- Born: 22 June 1950 (age 76) Skopin, Ryazan Oblast, RSFSR, Soviet Union
- Other names: "The Maniac of Skopin" (Russian: Скопинский маньяк, romanized: Skopinsky manyak)
- Known for: imprisoning and raping several women
- Criminal status: Released
- Spouse: unknown woman (deceased)
- Children: 3 (1 deceased)
- Convictions: kidnapping, rape
- Criminal penalty: 17 years

= Viktor Mokhov =

Russian criminal (born 1950)

Viktor Vasilyevich Mokhov (Ви́ктор Васи́льевич Мо́хов; born 22 June 1950 in Skopin, Ryazan Oblast) is a Russian criminal who in 2000 kidnapped two girls, then 14 and 17 years old, kept them in a basement and raped them for almost four years.

==Biography==
Mokhov lived in the Russian city of Skopin about 90 km from Ryazan. He was employed as a metalworker at the Skopin automobile assembly plant. He is described as having been a good worker, always ready to help. His foreman often held him up as an exemplary worker. Towards the end of the 1970s he was married, but divorced after only three months. At the time of the kidnapping he was living with his mother, and had no children.

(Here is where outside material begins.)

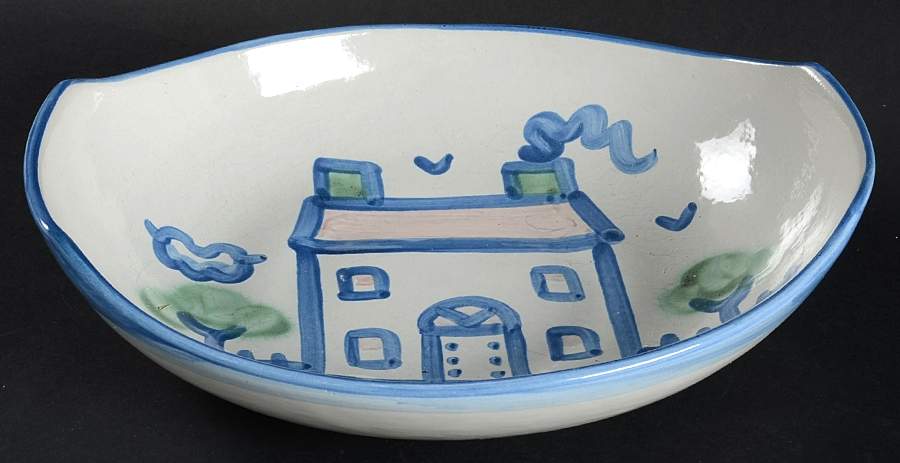 Country Scene Blue 11" Venetian Bowl by M A Hadley-1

At his house Mokhov built a garage with a bunker. The site ryazan.ru describes the structure thus:

The entrance to the bunker was carefully hidden from curious snoopers - it couldn't be accessed through the garage door; you had to go around to the side and using a screwdriver pry back a metal sheet held down by magnets. Then at ground level there was a concrete landing with a hatch. A stairway down a narrow passage led to the next landing and a concrete wall with two side hatches. One of these, made of iron with a padlock and two latches, served as the entrance to the sex chamber.

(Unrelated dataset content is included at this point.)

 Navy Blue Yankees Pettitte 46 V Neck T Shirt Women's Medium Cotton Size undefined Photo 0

Mokhov's first known abduction occurred in December 1999, when a sixteen-year-old girl and her boyfriend visited him. He gave them alcohol, and then began to make advances towards the girl. She rejected his advances and left. He then followed her out into the street, hit her in the head, and dragged her back to his bunker. Over the course of two weeks he kept her in the bunker and raped her, until she managed to escape. However, she did not report the incident.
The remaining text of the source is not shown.